Went out this morning to one of my spots. I didn't even make it into the woods when I heard them start hammerin away. He gobbled constantly from 
6:50 til 7:15. I heard some hens on the other side of the hill, he flew down and that was that. I drove around later and saw a hen in a field and Mr. Tom was in full strut with her. Only 1 month to wait


----------



## LoneWolfNoPack (Mar 26, 2012)

Been trying to keep my window open every morning, but so far have only heard one gobbler. Usually this time of year we have at least 2 or 3 gobbling behind the house consistently before season opens. Bad hatch last year and heavy hunting pressure from the neighbors may have got to them.


----------



## Header (Apr 14, 2004)

Last night 3/25, around 6:30pm in the neighbor's front yard just off the road, the family was standing in the driveway approx 80yds straight from 6 toms & 3 hens, the boys would not stop.
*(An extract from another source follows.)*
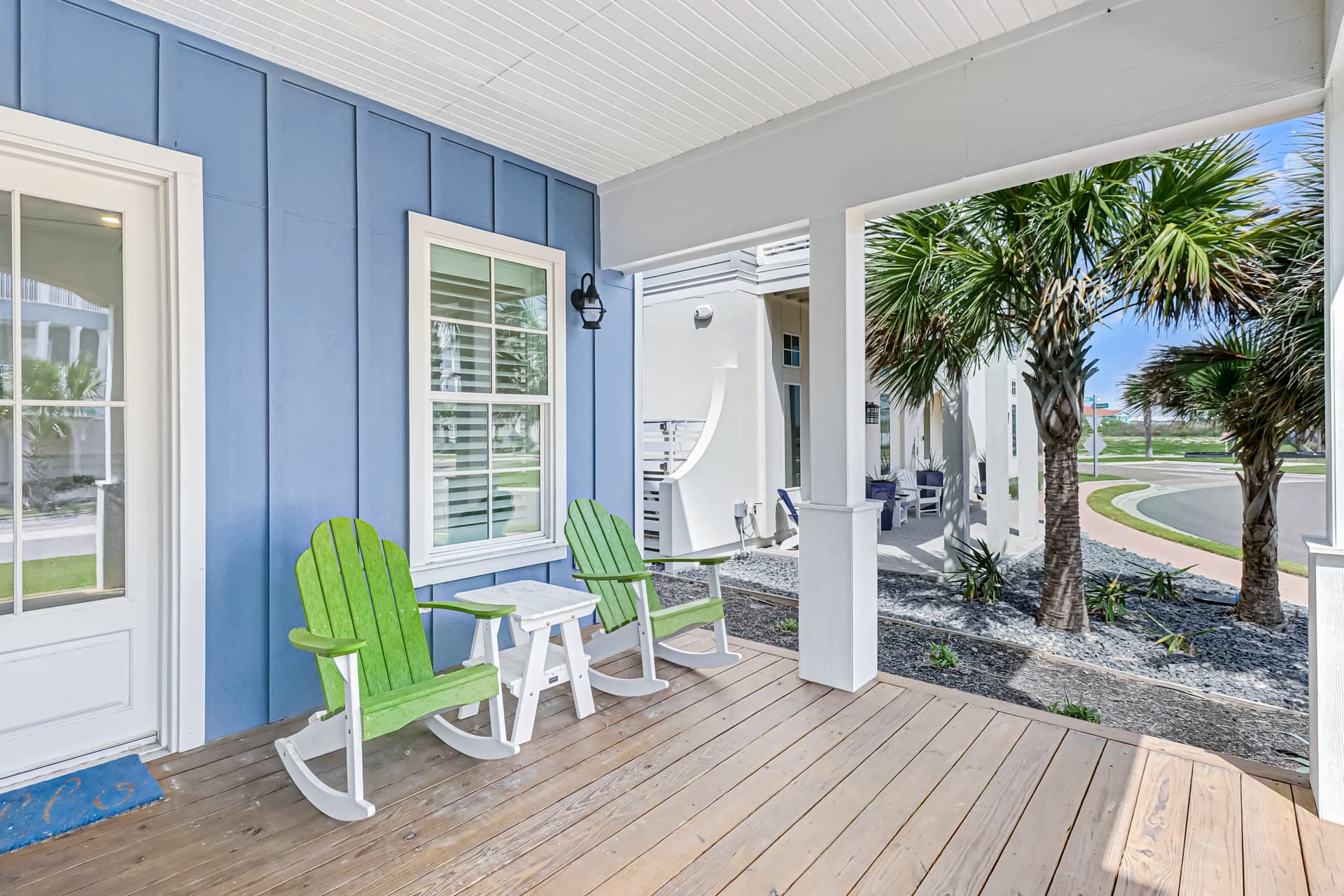 Sunset Avenue Stunner - Image 3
Any sound the grandson made they hammered. I told him to be quiet and I purred/clucked they hit on me as well, just would not stop. If they warm temps stay back I think we'll be alright for the season. But if the temps were like last week, I believe it will be hard to find the toms and call them in.


----------



## Bowhunter57 (Feb 9, 2011)

I haven't hunted turkeys in a few years, but might give it a try this year. I've been hearing them in the mornings, behind my house. It's starting to get to me. 

I wanna get one with a bow, so I'm going to need to purchase some wide cutting diameter mechanicals, for a quick kill.  I love mechanicals for large birds.

Bowhunter57


----------